*Work to complete*
Among the entries below, extract exactly the lines that run from the one with "Xdegoge 2 Pack" through the one with "Servilleta De Papel", both ends included.

*Records excerpted from a collection*
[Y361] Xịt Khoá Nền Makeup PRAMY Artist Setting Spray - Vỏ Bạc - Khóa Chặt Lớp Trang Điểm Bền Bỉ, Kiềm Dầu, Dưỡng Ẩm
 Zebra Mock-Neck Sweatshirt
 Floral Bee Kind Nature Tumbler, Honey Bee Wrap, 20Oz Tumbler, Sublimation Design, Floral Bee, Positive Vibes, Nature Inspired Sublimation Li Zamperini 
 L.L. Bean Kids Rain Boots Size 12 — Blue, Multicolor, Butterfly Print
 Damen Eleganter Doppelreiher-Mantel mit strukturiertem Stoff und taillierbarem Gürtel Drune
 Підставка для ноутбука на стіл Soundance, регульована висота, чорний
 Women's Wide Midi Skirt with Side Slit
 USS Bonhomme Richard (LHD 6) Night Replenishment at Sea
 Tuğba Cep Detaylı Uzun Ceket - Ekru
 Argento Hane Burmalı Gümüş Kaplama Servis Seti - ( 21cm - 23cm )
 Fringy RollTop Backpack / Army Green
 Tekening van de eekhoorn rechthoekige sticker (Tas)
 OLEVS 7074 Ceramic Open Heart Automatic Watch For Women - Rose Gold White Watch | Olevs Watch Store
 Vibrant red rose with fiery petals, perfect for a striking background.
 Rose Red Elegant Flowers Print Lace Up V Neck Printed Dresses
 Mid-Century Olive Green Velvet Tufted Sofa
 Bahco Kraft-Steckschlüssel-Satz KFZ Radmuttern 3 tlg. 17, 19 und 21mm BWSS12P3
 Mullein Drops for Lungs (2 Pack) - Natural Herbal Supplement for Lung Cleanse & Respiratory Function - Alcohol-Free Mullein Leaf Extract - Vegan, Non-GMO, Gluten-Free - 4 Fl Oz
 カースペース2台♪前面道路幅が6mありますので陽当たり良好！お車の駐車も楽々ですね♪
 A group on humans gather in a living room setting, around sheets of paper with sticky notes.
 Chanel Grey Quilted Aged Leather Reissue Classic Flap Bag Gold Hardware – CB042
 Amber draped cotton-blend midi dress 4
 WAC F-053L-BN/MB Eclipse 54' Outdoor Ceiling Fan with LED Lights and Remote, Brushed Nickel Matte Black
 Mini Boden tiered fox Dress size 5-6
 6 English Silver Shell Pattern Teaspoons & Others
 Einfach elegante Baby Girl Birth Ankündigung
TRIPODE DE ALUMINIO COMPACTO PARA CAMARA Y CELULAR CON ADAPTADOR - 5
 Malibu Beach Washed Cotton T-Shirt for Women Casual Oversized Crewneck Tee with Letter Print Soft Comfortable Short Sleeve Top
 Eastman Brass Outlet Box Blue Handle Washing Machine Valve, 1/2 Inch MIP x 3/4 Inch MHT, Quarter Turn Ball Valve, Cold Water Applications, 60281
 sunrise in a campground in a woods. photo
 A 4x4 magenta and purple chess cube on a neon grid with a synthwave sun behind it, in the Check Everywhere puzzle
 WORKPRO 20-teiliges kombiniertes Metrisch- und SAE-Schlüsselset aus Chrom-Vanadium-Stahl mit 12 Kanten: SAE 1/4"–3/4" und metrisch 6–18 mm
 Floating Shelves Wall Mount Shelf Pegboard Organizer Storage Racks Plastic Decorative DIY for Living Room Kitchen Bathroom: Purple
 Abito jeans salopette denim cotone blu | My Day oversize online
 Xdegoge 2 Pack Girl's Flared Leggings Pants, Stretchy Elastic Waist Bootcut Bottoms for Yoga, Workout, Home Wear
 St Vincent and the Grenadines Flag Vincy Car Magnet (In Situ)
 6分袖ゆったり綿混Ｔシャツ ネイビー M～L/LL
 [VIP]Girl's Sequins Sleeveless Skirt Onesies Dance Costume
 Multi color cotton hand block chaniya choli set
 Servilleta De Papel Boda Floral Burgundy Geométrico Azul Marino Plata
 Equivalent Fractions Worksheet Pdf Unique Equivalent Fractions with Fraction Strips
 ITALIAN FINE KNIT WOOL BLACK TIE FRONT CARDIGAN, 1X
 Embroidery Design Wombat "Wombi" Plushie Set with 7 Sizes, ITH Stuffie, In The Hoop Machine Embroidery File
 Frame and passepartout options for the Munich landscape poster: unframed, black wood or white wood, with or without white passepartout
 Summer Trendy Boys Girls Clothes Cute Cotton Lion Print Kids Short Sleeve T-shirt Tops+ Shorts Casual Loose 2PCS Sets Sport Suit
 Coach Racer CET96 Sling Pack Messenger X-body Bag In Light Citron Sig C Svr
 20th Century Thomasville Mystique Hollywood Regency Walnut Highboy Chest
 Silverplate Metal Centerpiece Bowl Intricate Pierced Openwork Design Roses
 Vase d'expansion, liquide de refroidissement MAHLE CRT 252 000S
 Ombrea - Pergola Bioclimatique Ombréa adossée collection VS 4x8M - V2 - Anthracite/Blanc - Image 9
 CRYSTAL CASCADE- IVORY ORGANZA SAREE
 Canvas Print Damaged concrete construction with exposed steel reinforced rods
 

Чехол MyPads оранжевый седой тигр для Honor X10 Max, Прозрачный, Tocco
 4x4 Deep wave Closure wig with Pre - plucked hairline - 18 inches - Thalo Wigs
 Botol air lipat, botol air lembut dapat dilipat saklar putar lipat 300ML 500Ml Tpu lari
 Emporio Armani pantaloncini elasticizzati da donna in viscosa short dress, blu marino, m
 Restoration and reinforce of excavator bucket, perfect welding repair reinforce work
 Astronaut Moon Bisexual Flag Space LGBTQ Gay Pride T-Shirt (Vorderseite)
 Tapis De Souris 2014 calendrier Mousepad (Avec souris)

*Task result*
 Xdegoge 2 Pack Girl's Flared Leggings Pants, Stretchy Elastic Waist Bootcut Bottoms for Yoga, Workout, Home Wear
 St Vincent and the Grenadines Flag Vincy Car Magnet (In Situ)
 6分袖ゆったり綿混Ｔシャツ ネイビー M～L/LL
 [VIP]Girl's Sequins Sleeveless Skirt Onesies Dance Costume
 Multi color cotton hand block chaniya choli set
 Servilleta De Papel Boda Floral Burgundy Geométrico Azul Marino Plata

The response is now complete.